To: RetiredNow who wrote (218865)2/11/2005 5:47:12 PM
From: Tenchusatsu  Read Replies (2) | Respond to of 1574263
 
Mindmeld, Nope. I was talking about SS. I know alot of you on this thread, liberals and conservatives both, like to mix up SS with the U.S. deficit and overall debt, but I think that is silly in my opinion.

It's getting mixed up because Congress is mixing it up.

First step: separate SS revenues and expenses from the general revenues and expenses. Simple ... except that the deficit figure will jump to $550B, and the SS "trust fund" will be exposed for the scam it really is.

Tenchusatsu



To: RetiredNow who wrote (218865)2/11/2005 7:48:08 PM
From: tejek  Read Replies (1) | Respond to of 1574263
 
Nope. I was talking about SS. I know alot of you on this thread, liberals and conservatives both, like to mix up SS with the U.S. deficit and overall debt, but I think that is silly in my opinion.

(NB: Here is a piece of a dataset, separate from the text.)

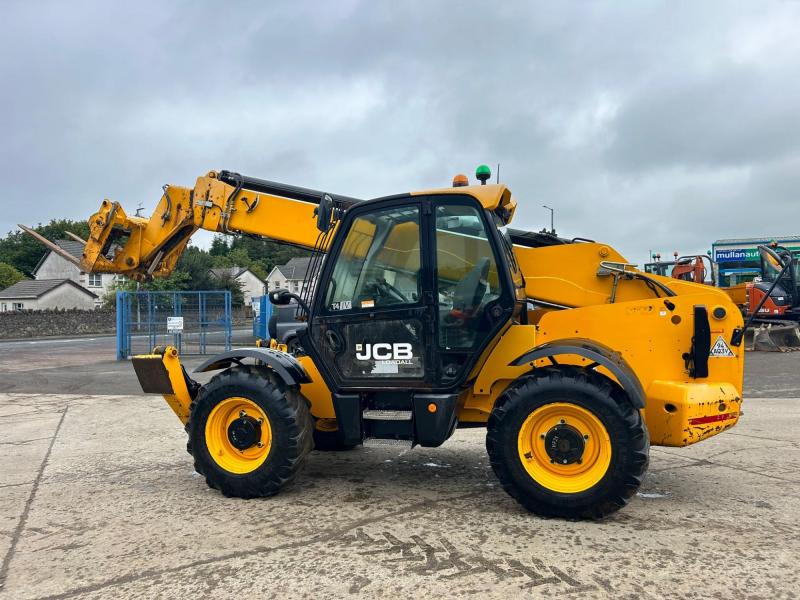 JCB 540-140 Joystick / AC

SS is not some separate entity orbiting in space.....its part of the Federal Budget. Therefore, to hell with this battle over definitions.........when the US goes belly up, then and only then do you have bankruptcy, and not before.

And no, its not some silly premise. The right is trying to make like SS is some separate function of the gov't unlike any other and should be treated differently. That's a crock! If Defense were short money, the right would be all over it! They would be funding it with minimal questions and without the current SS histrionics. It should be the same with SS.

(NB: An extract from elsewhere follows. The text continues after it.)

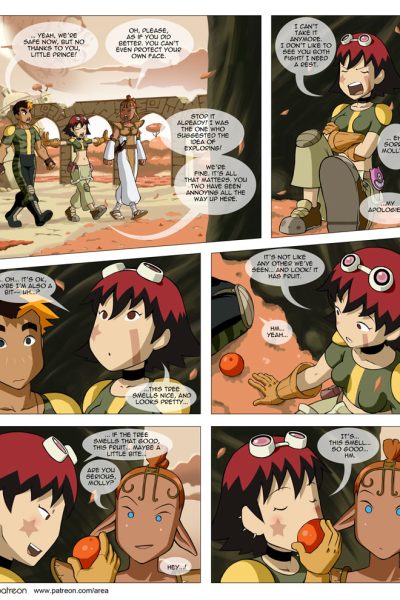 Oban Star Racers - Porn Comics page 1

For example, if I work for G.E. and am evaluating one subsidiary, I isolate the financials of that subsidiary in order to analyze its viability. I don't look at G.E.'s financials as a whole to determine how to fix the subsidiary.

Yes, but if the subsidiary has more liabilities than assets the subsidiary doesn't file bankruptcy nor does GE.....except when the entire company is insolvent. Instead, a solution to the problem is found.....that's it.

So by the same token, lumping SS in with all of the U.S.'s finanical issues is a good way to lose the tree for the forest. Separating it and analyzing it on its own merits is a good way to figure out how to fix it. And on its own merits, over a 70 year period, it's liabilities already exceed the market value of it's assets, but that will become even more irrefutable as we get closer to 2042 and actuarial estimates get transformed into actual fact.

Its liabilities don't exceed its assets. According to Snow, more money is coming in than going out. That will change in 2042 and not before.

With defense, money is always going out and never coming in. What do you all plan to do about that dilemma?